Dans le 6ème arrondissement de Paris, la devanture rappelle instantanément celle du Bouillon Racine. Le rapprochement avec le célèbre établissement, lui aussi propriété de Luc Morand, s’arrête ici. Pas de grande brasserie, mais une petite salle résolument cosy. Une sélection de 250 vins. Un service personnalisé effectué en alternance par trois sommeliers. Bienvenue du Bar du Bouillon, qui a ouvert ses portes fin octobre.

« Nous voulions présenter le travail des vignerons, en privilégiant les meilleures pratiques possible, mais sans s’interdire d’élargir la carte. La carte est présentée par vignerons. Je ne vends pas du Chablis, je vends du Chablis de chez Pinson. Nous mettons en avant les vignerons que l’on aime. Il faut les remettre au centre du jeu », indique le responsable du Bar du Bouillon, Benjamin Buttner. L’équipe revendique de proposer aussi bien des vins au verre à 5 euros que des grands crus pouvant monter jusqu’à 1000 euros.

Romain Evain, sommelier, Le Bar du Bouillon

« La carte des vins a été conçue de telle manière à ce que le client puisse découvrir des vins de sa région, ou se laisser surprendre. Nous avons à cœur d’accompagner nos convives », précise Romain Evain, sommelier (photo) qui accorde un soin particulier à l’accueil en salle. « La sommellerie peut faire peur aux gens ! Nous sommes là pour partager et transmettre le travail et la philosophie des vignerons. Nous devons rendre la carte accessible et rassurante », rebondit Benjamin Buttner.

Une solide offre gourmande

brochette de magret de canard et de foie gras de la maison Masse Anguille laquée à la japonaise et son risotto de riz vénéré - Le Bar du Bouillon

La carte s’accompagne d’une gamme de plats à partager.
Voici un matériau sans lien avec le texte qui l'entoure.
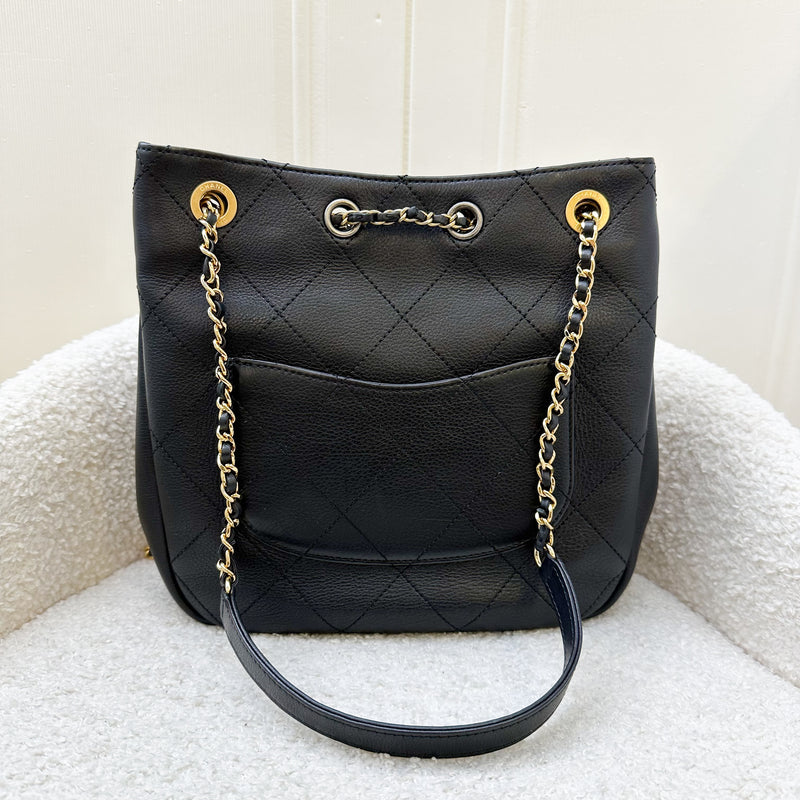 Chanel 19B Coco Daily Drawstring Hobo Bag in Black Calfskin and LGHW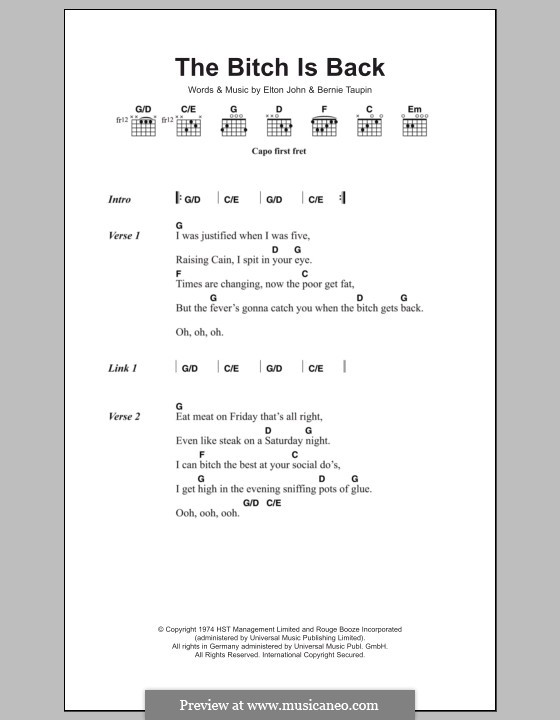 The Bitch Is Back (from Rocketman): Lyrics and chords by Elton John
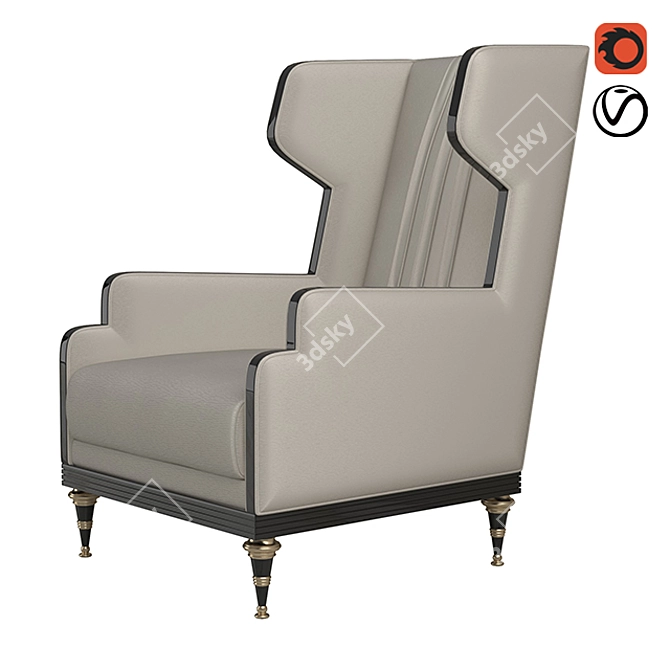 Luxury Gold Leg Armchair 3D model image 1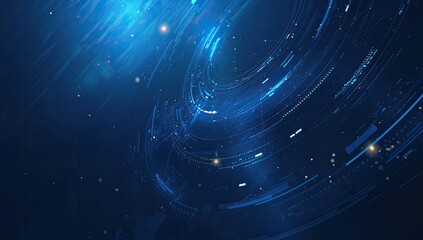 Glowing neon particles over deep blue waveforms, AI innovation concept for virtual reality dashboard visuals.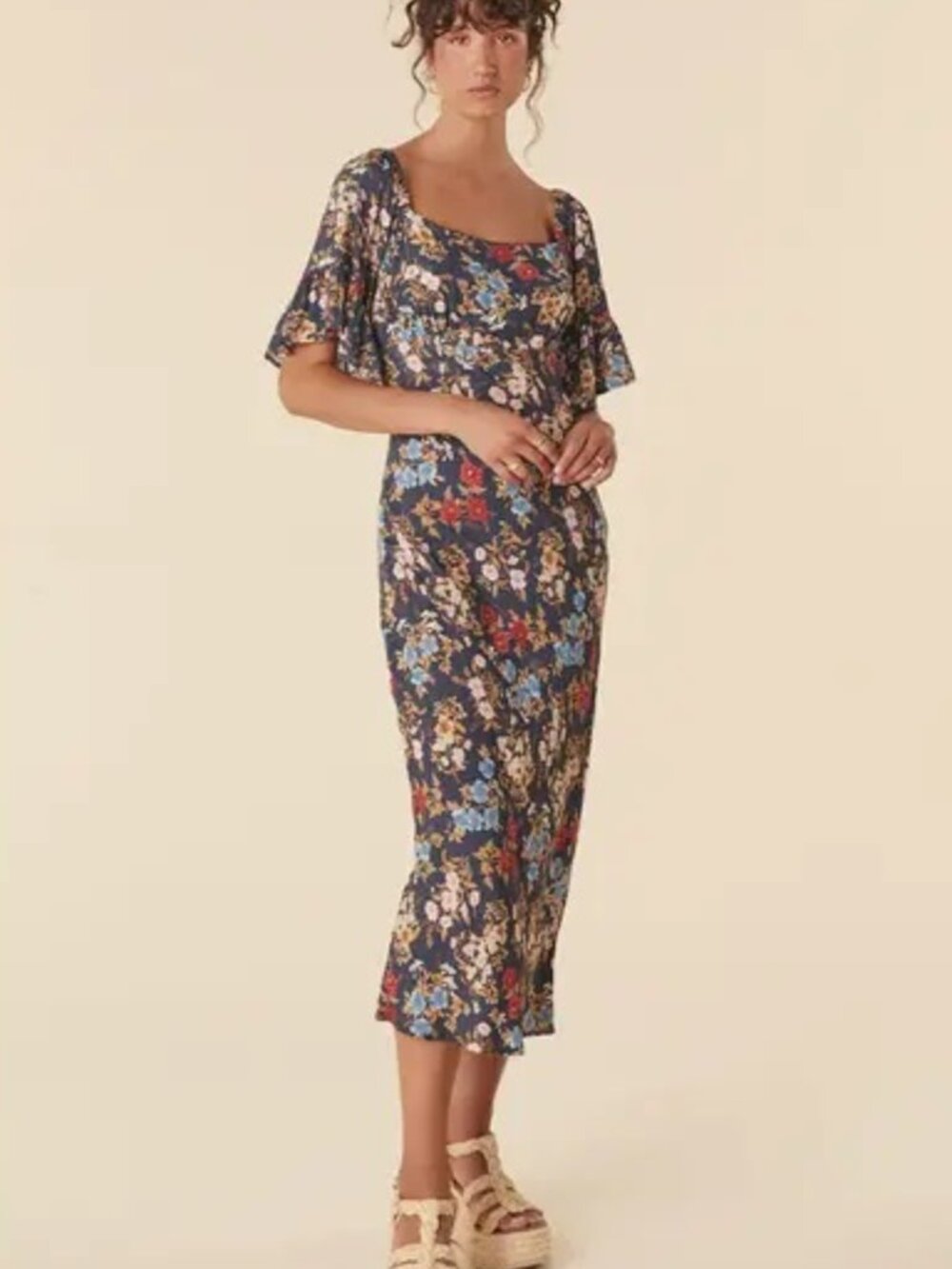 SPELL Flora Midi Dress S Mystic Blue Floral Print Flutter Sleeve Boho Resortwear - Picture 8 of 8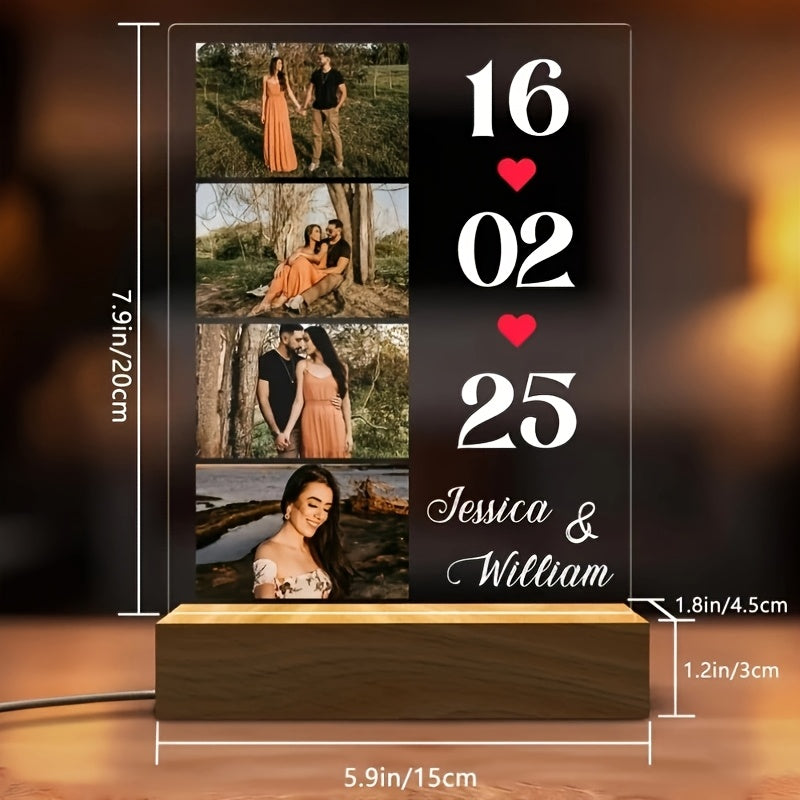 Personalized Photo Night Light – Couple Names &amp; Wedding Date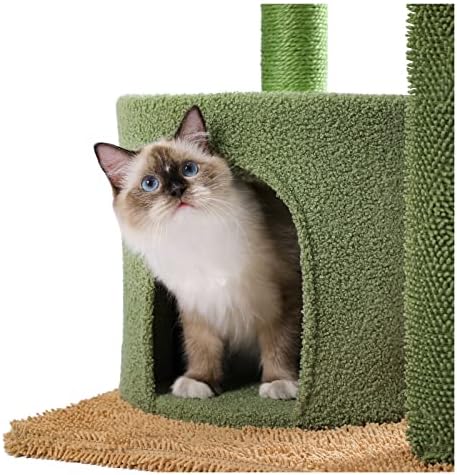בית החתול של Uvou Cat Toop מגדל החתול עם שריטות פוסט קקטוס חמוד ריהוט לבית עם קן דירה מורדרן חיות מחמד מגרד
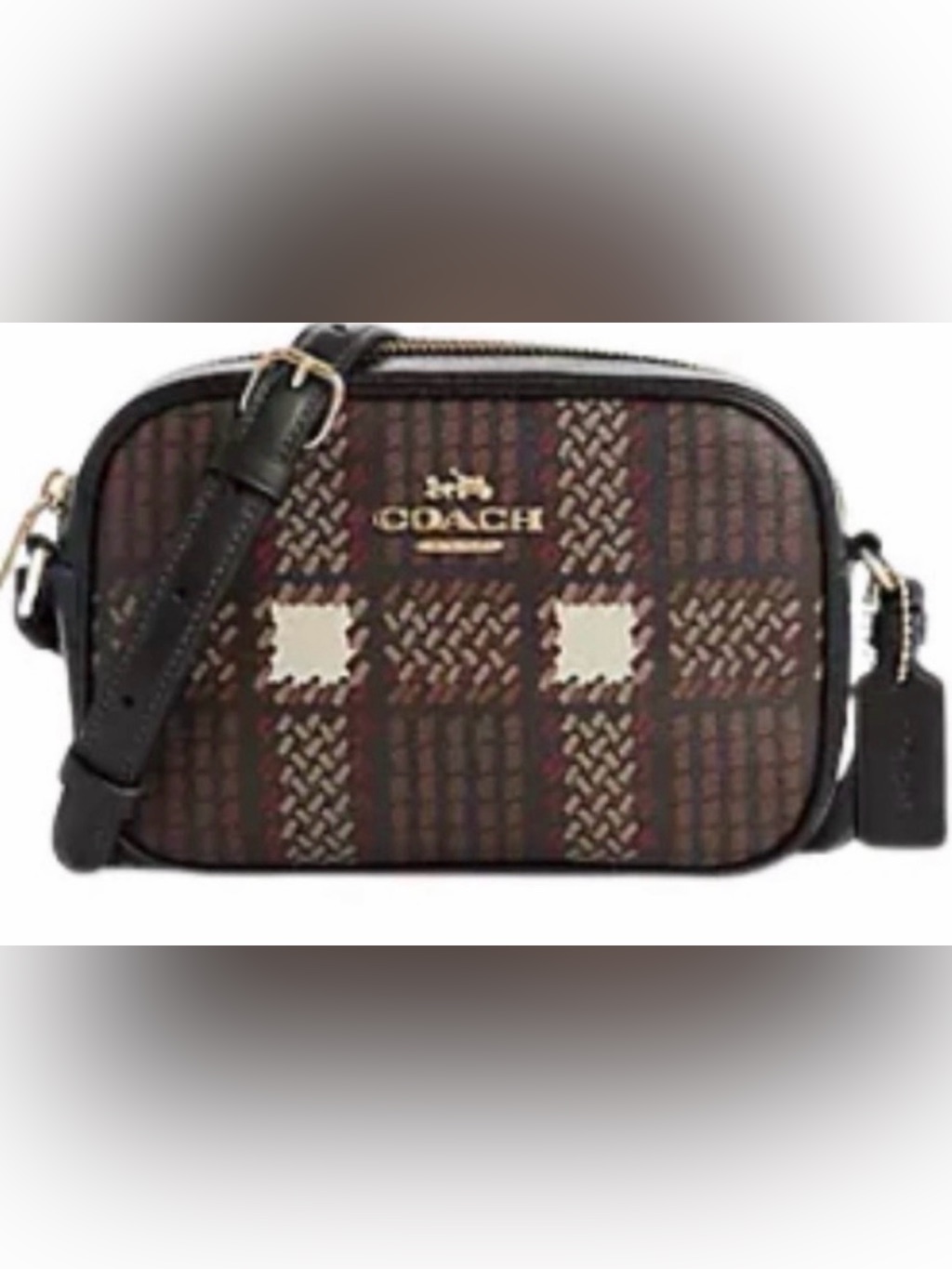 Coach Brown Plaid Crossbody Bag With Cherry Charm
Dans l’offre froide, a retenu notre attention, tout comme le foie gras maison (9 euros). La brochette de magret de canard et de foie gras de la maison Masse (12 euros) constitue, elle aussi, une belle entrée en matière parmi l’offre chaude (couteaux gratinés, raviole de crevette dans un bouillon gingembre-crustacés…)

Oeuf à la neige - Le Bar du Bouillon Mousse au chocolat - Le Bar du Bouillon

« Nous proposons des tapas non transformées, mais aussi des plats préparés minute. Je suis issu de l’univers de l’épicerie fine. Nous avons trouvé des compromis avec des produits de qualité, mais toujours au meilleur prix possible. Il existe des exceptions comme l’anguille laquée à la japonaise et son risotto de riz vénéré, mais nous avons un pâté en croûte très élaboré (foie de volaille, pistaches, trompettes de la mort). La cuisine est commune au Bouillon Racine et au Bar du Bouillon », poursuit Benjamin Buttner. En dessert, l’œuf à la neige ou la mousse au chocolat détonnent par leur exécution, mais aussi par leurs prix sages (4 et 5 euros).

Des spiritueux locaux

« La clientèle est satisfaite de l’accueil. Nous recherchons une clientèle parisienne, un peu plus jeune qu’au Bouillon Racine. Nous sommes davantage dans un esprit bar à vins et gastronomique », ajoute le responsable.

Ne manquez pas de vous aventurer jusqu’à la page des spiritueux : ils sont signés de la Distillerie de Paris, sous la houlette de Nicolas Julhès. Le Spirit Drink Miel (43%) vaut, avec modération, le détour.